▸ Exercise objective: Give back every entry exactly; drop the pictures.

[Data extracted from a collection]
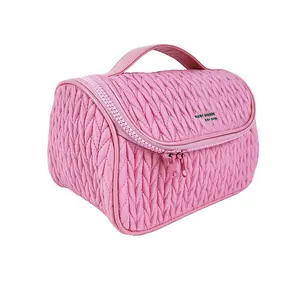 Nouvelle mode trousse de maquillage de luxe grande capacité en coton matelassé gonflé trousse de toilette étanche étui à cosmétiques mignon de voyage avec crochet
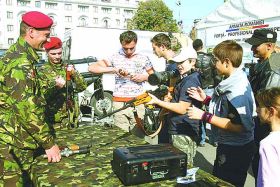 Tinerii, atrasi in armata cu salarii de 250 de euro si concerte cu Anna Lesko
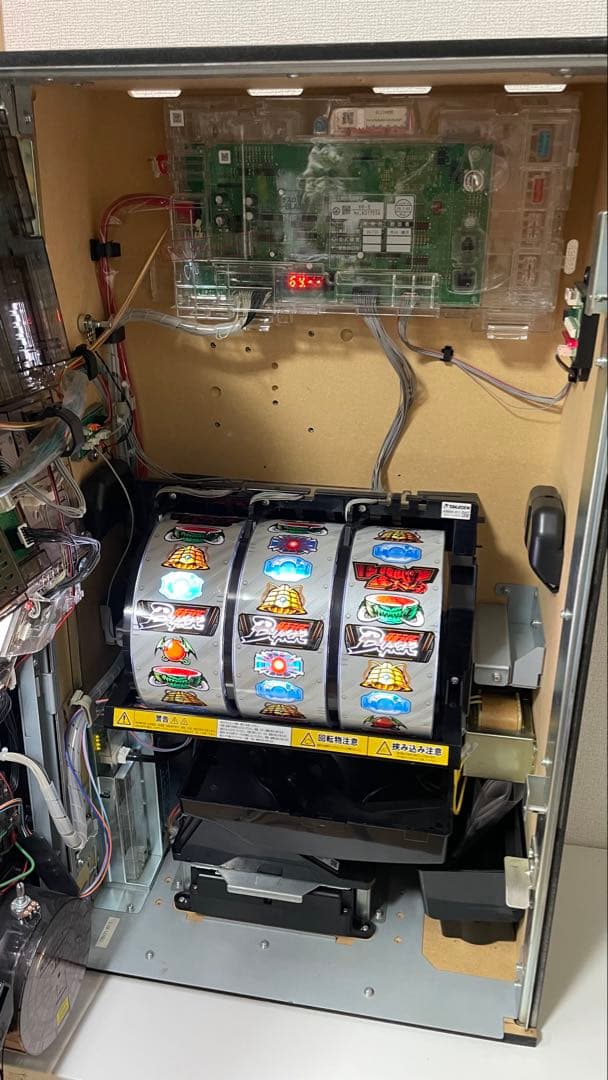 パチスロ仮面ライダーBLACK /スロット実機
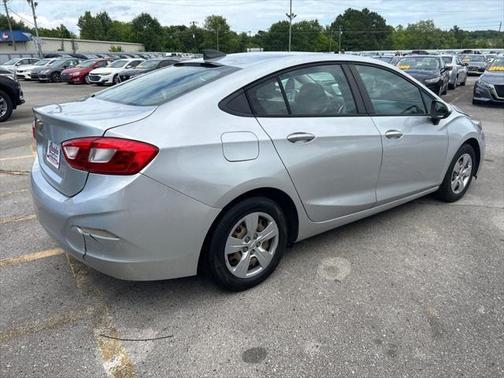 2017 Chevrolet Cruze LS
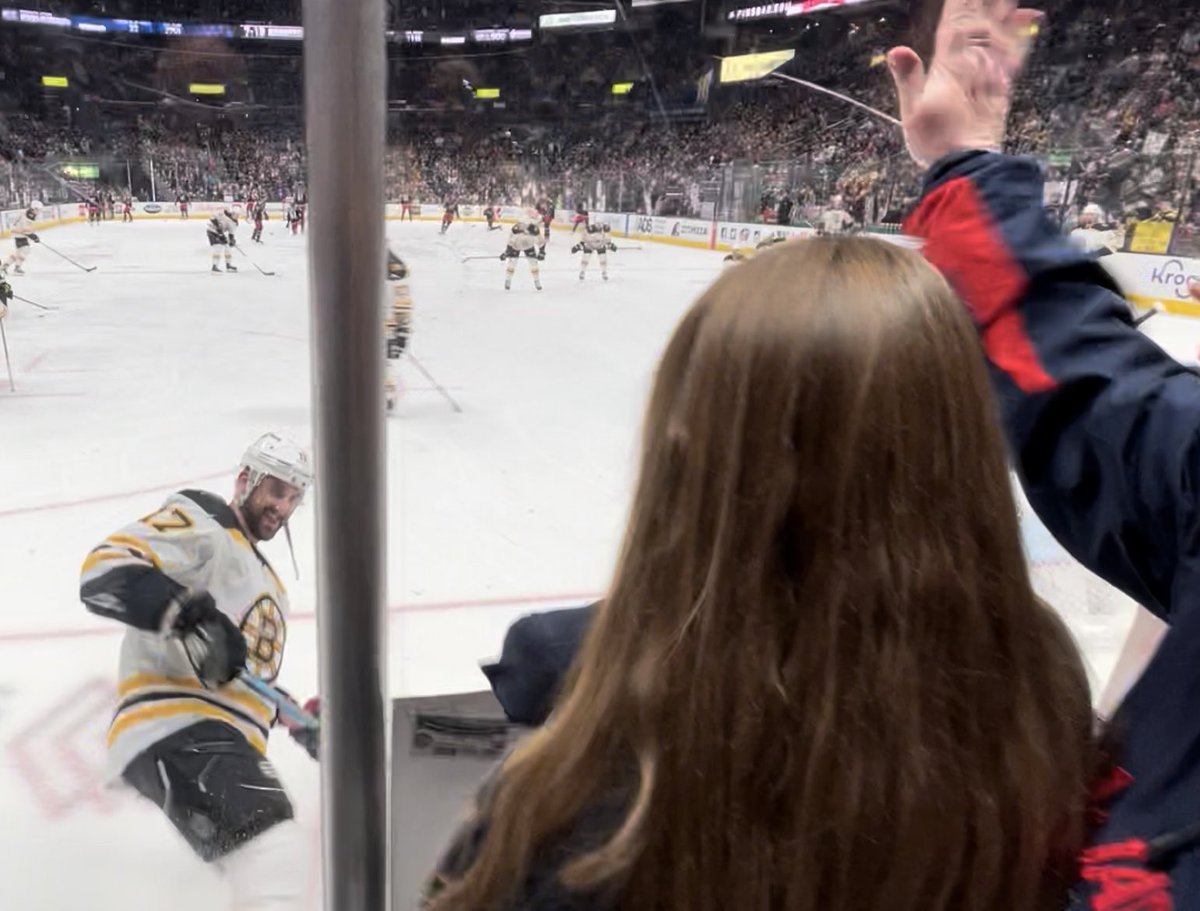 mtdennis1968's tweet photo. @NickFoligno She lives in Vegas now, but you had to know @andreashel wouldn’t miss the opportunity to welcome you back to your home and thank you far all that you have done for Columbus! Great times with forever friends!! https://t.co/GWoGD2ekHt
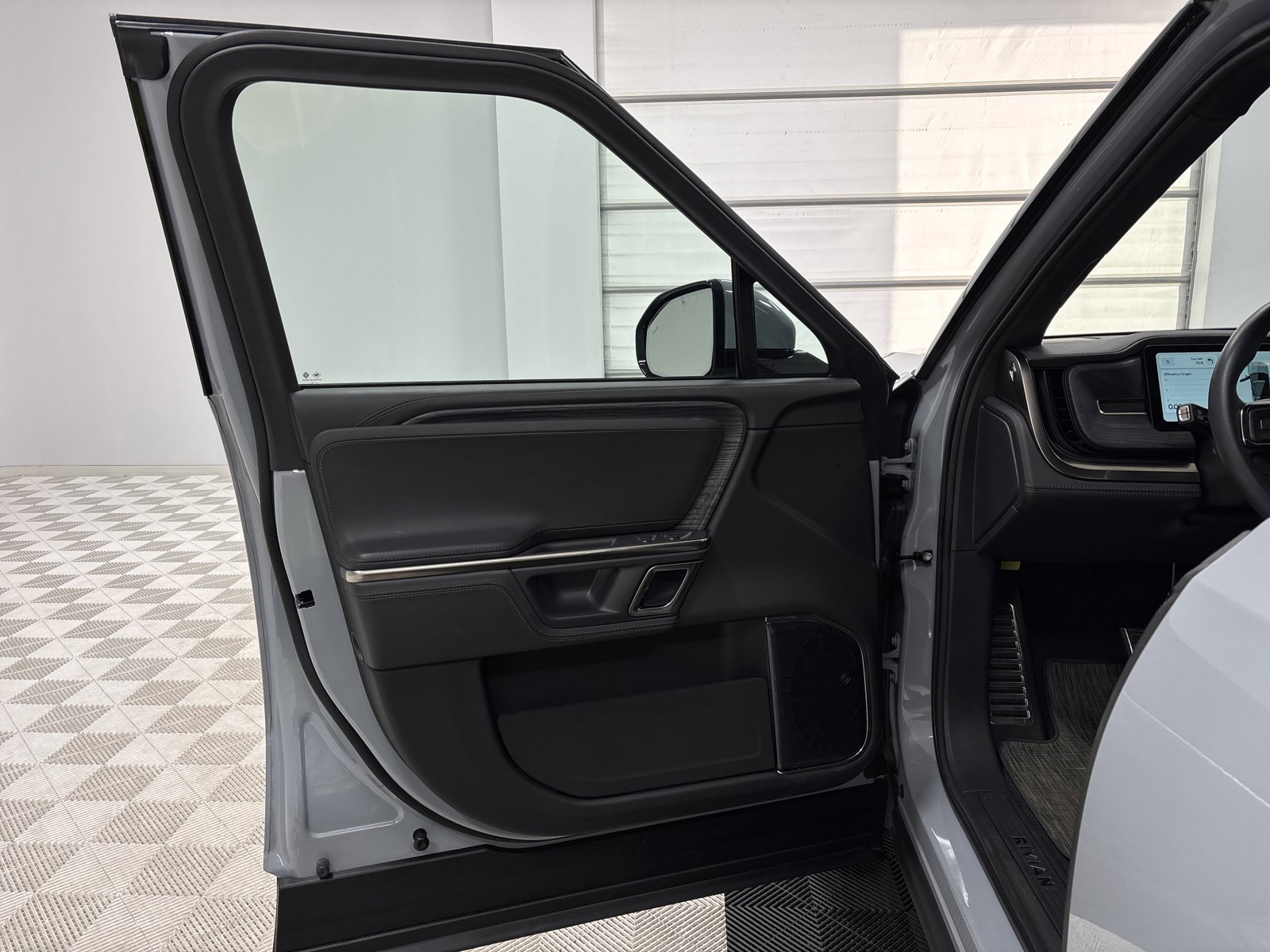 Used 2024 Rivian R1S Adventure AWD/4WD image 16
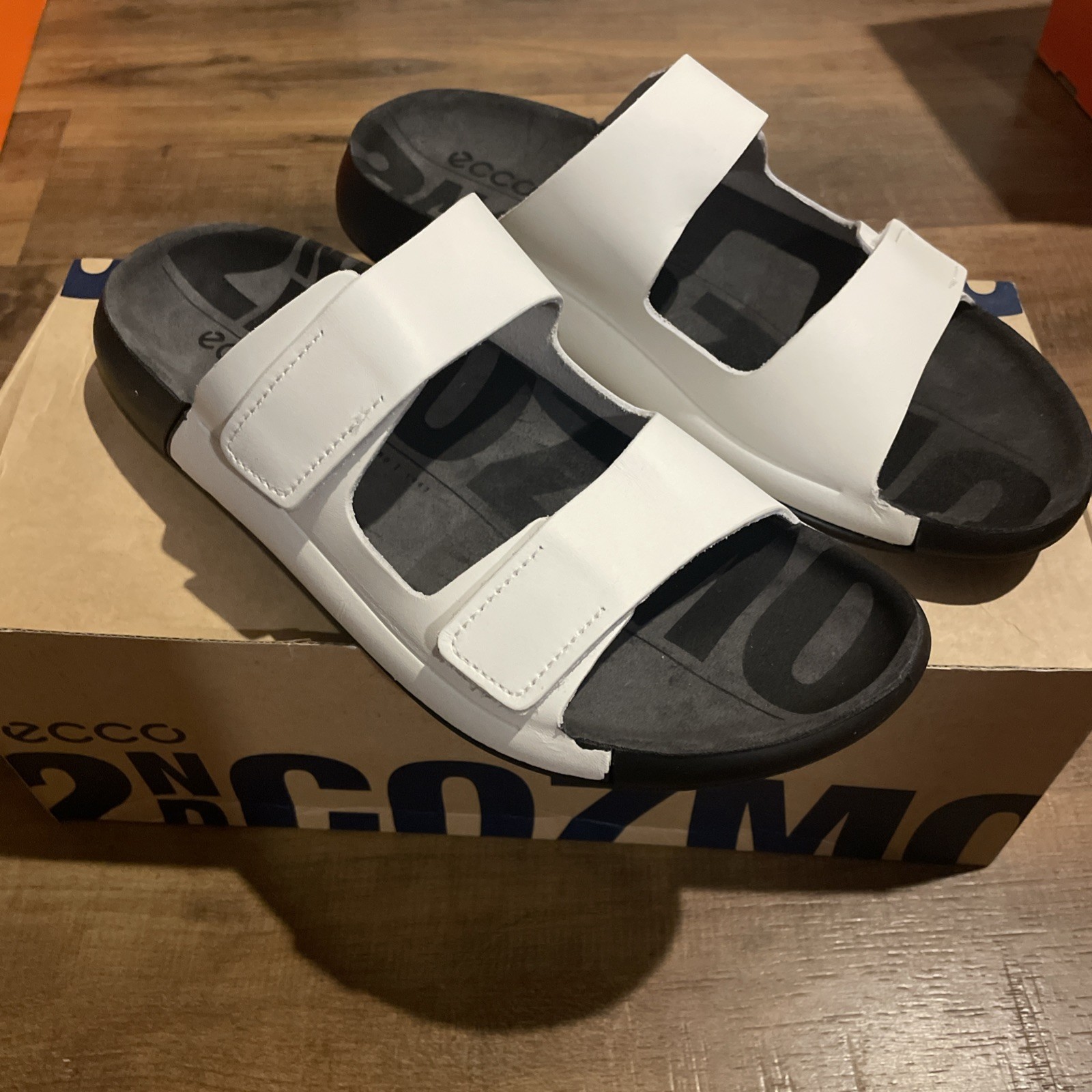 ECCO 2nd Cozmo W Two Strap Sandals Women’s 40 US 9-9.5 White Black Leather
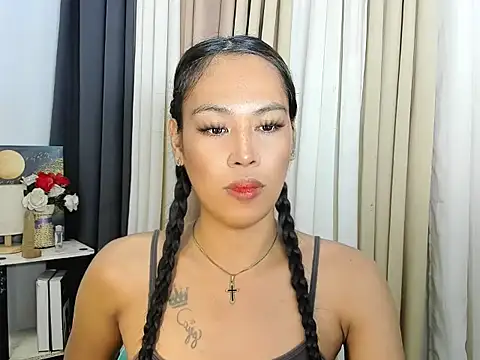 Savanna_White live sex cam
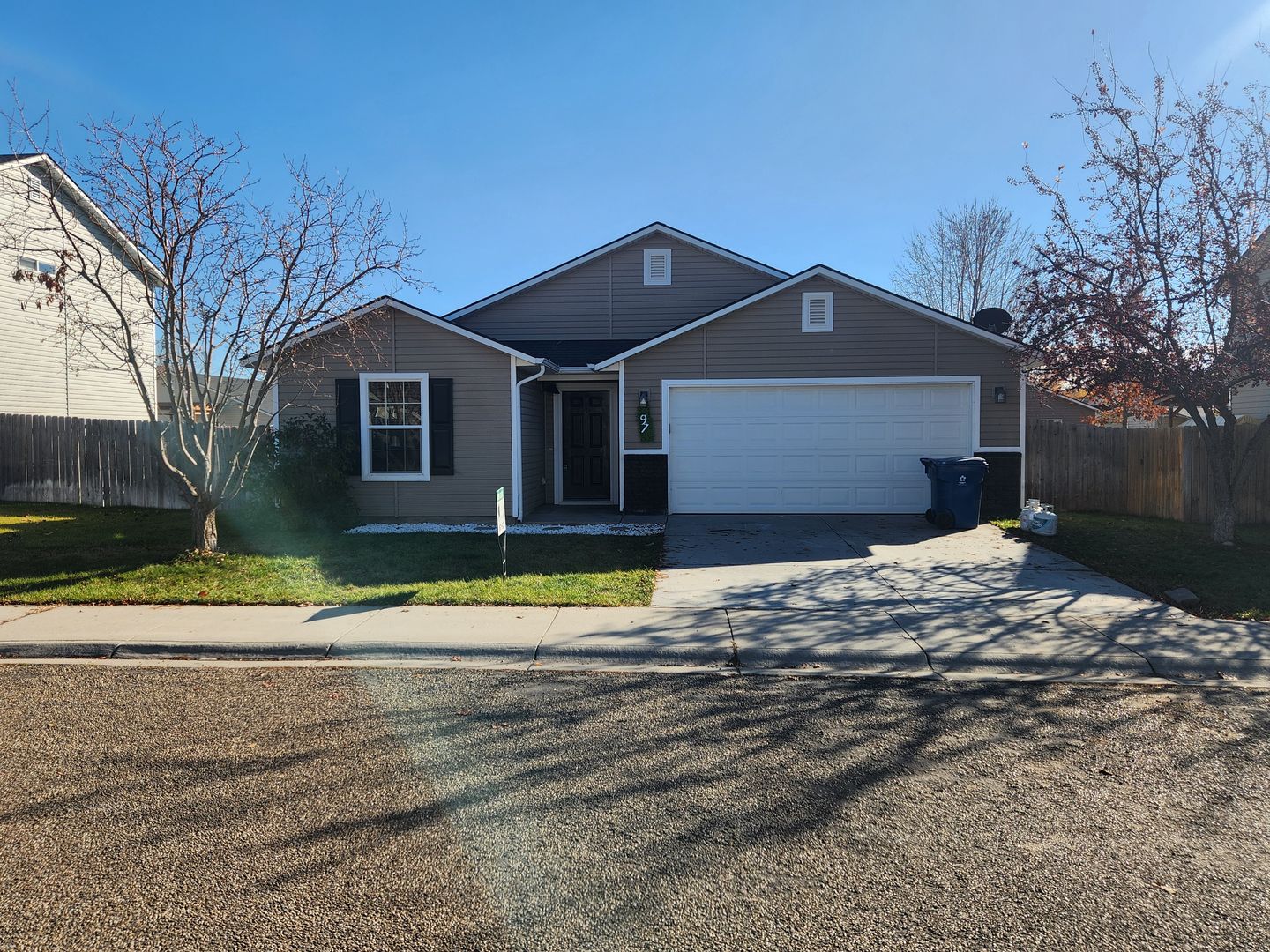 Middleton House: 97 E Walcott Lake Dr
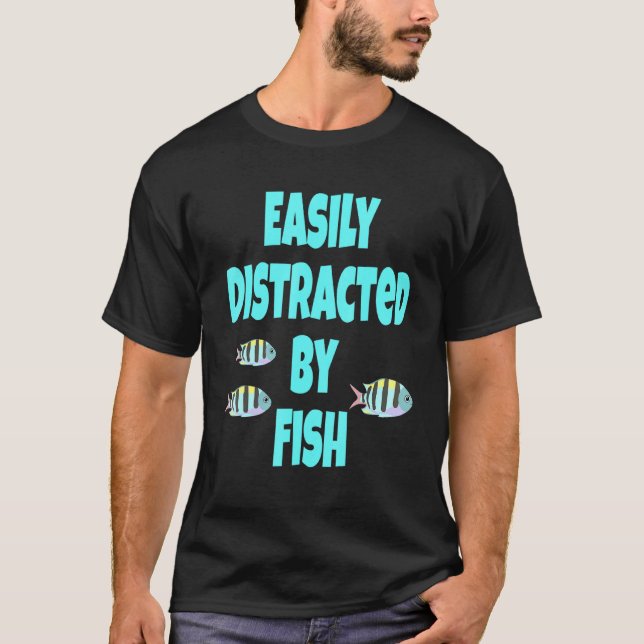Camiseta Aquário Fácilmente Distraído Pelo Peixe Dizendo Fr (Frente)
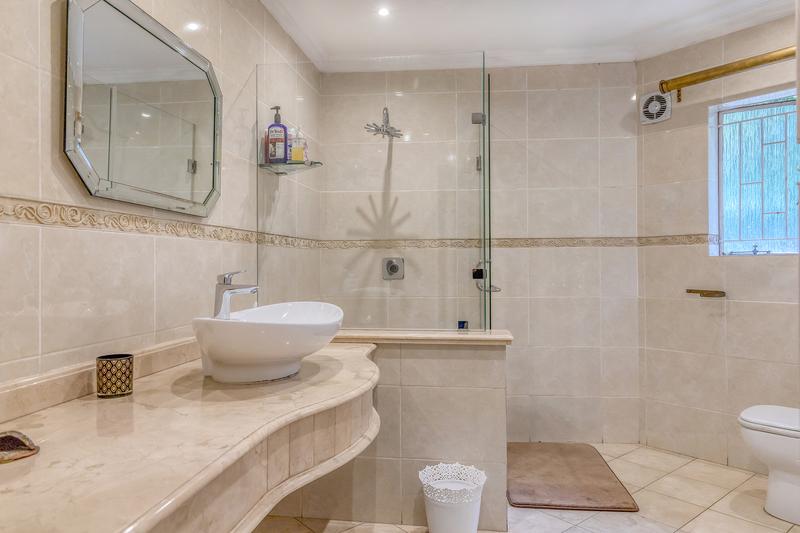 5 Bedroom Property for Sale in Houghton Estate Gauteng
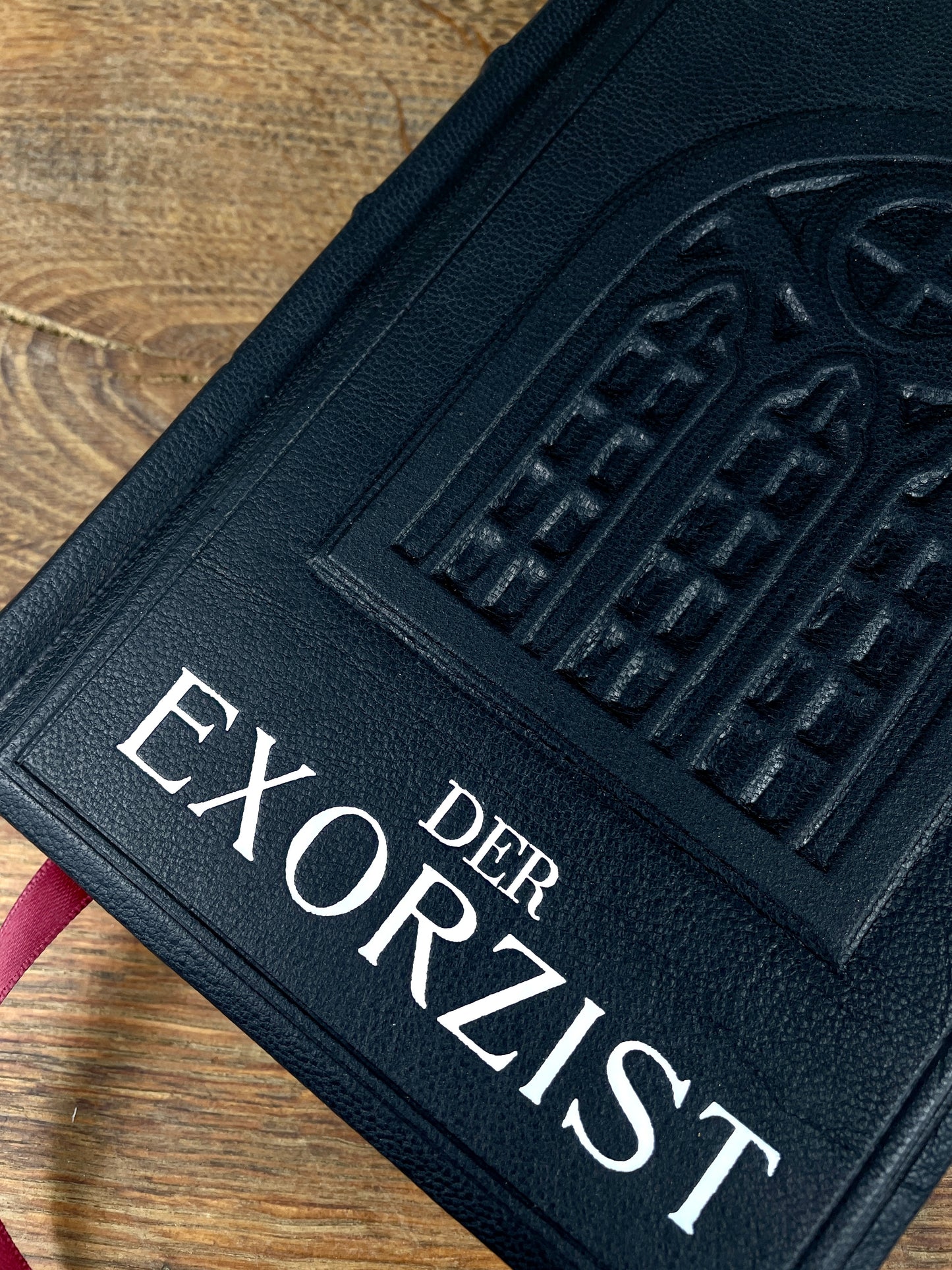 Düstere Klassiker-Edition: Der Exorzist in Leder gebunden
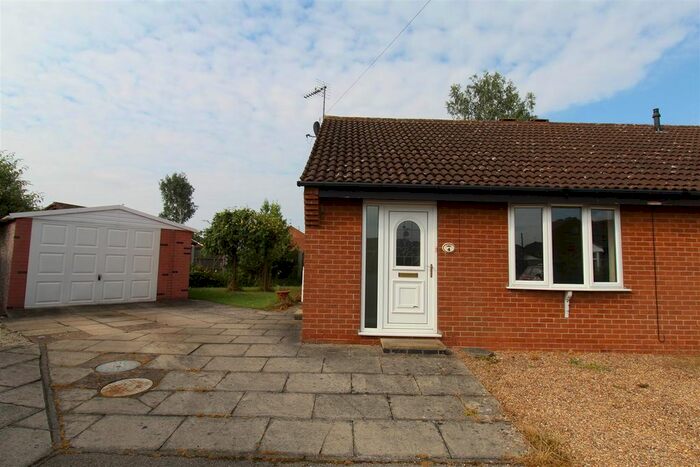 2 Bedroom Bungalow To Rent In Buttercup Close, New Balderton, NG24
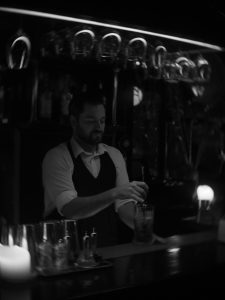 Αλεξανδρινό Cafe Bistrot: Ένα διαχρονικό στέκι στην καρδιά των Εξαρχείων - FlagInLife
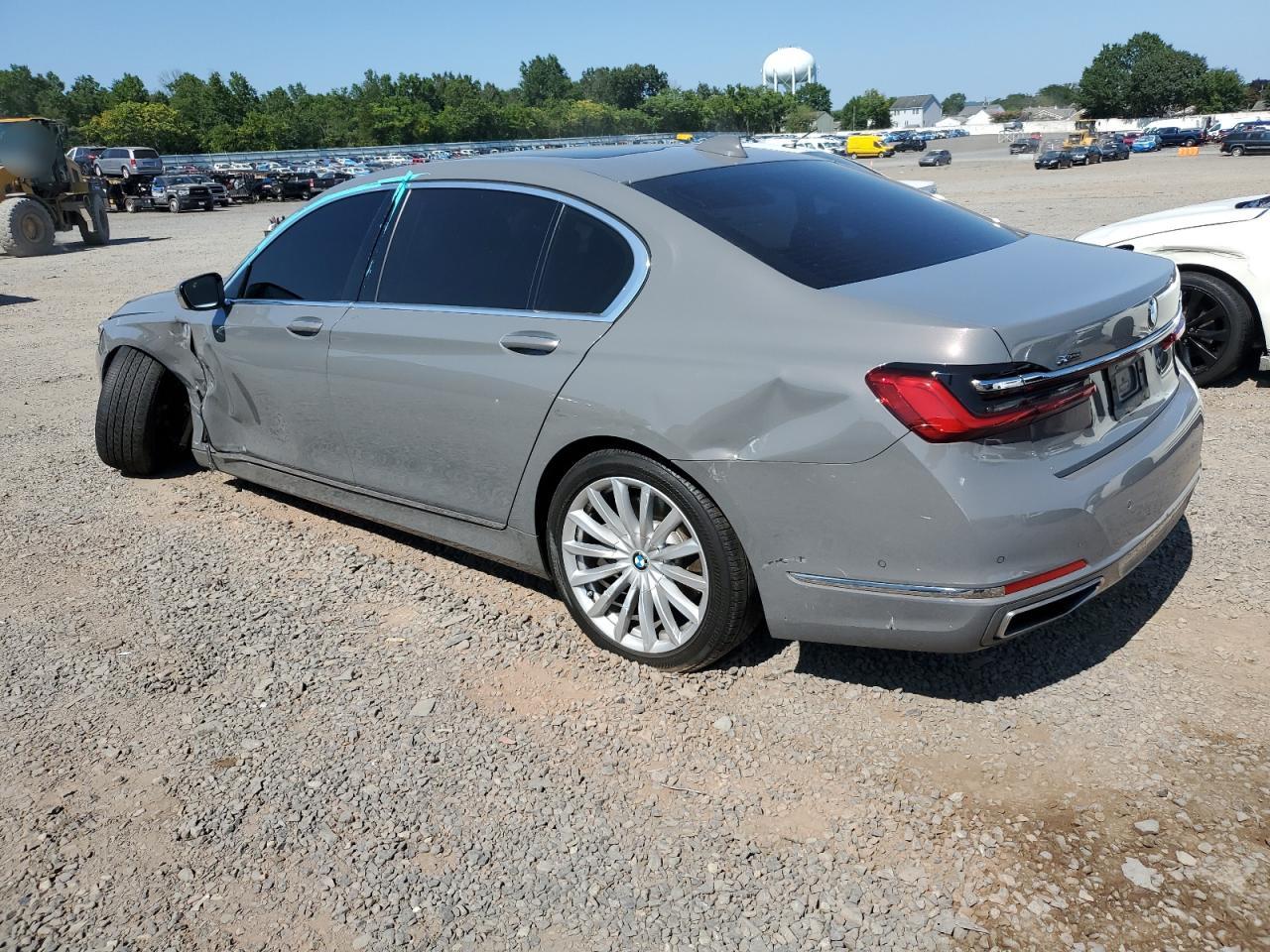 2022 BMW 740 xDrive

▸ Response area:
 Nouvelle mode trousse de maquillage de luxe grande capacité en coton matelassé gonflé trousse de toilette étanche étui à cosmétiques mignon de voyage avec crochet
 Tinerii, atrasi in armata cu salarii de 250 de euro si concerte cu Anna Lesko
 パチスロ仮面ライダーBLACK /スロット実機
 2017 Chevrolet Cruze LS
 mtdennis1968's tweet photo. @NickFoligno She lives in Vegas now, but you had to know @andreashel wouldn’t miss the opportunity to welcome you back to your home and thank you far all that you have done for Columbus! Great times with forever friends!! https://t.co/GWoGD2ekHt
 Used 2024 Rivian R1S Adventure AWD/4WD image 16
 ECCO 2nd Cozmo W Two Strap Sandals Women’s 40 US 9-9.5 White Black Leather
 Savanna_White live sex cam
 Middleton House: 97 E Walcott Lake Dr
Camiseta Aquário Fácilmente Distraído Pelo Peixe Dizendo Fr (Frente)
 5 Bedroom Property for Sale in Houghton Estate Gauteng
 Düstere Klassiker-Edition: Der Exorzist in Leder gebunden
 2 Bedroom Bungalow To Rent In Buttercup Close, New Balderton, NG24
 Αλεξανδρινό Cafe Bistrot: Ένα διαχρονικό στέκι στην καρδιά των Εξαρχείων - FlagInLife
 2022 BMW 740 xDrive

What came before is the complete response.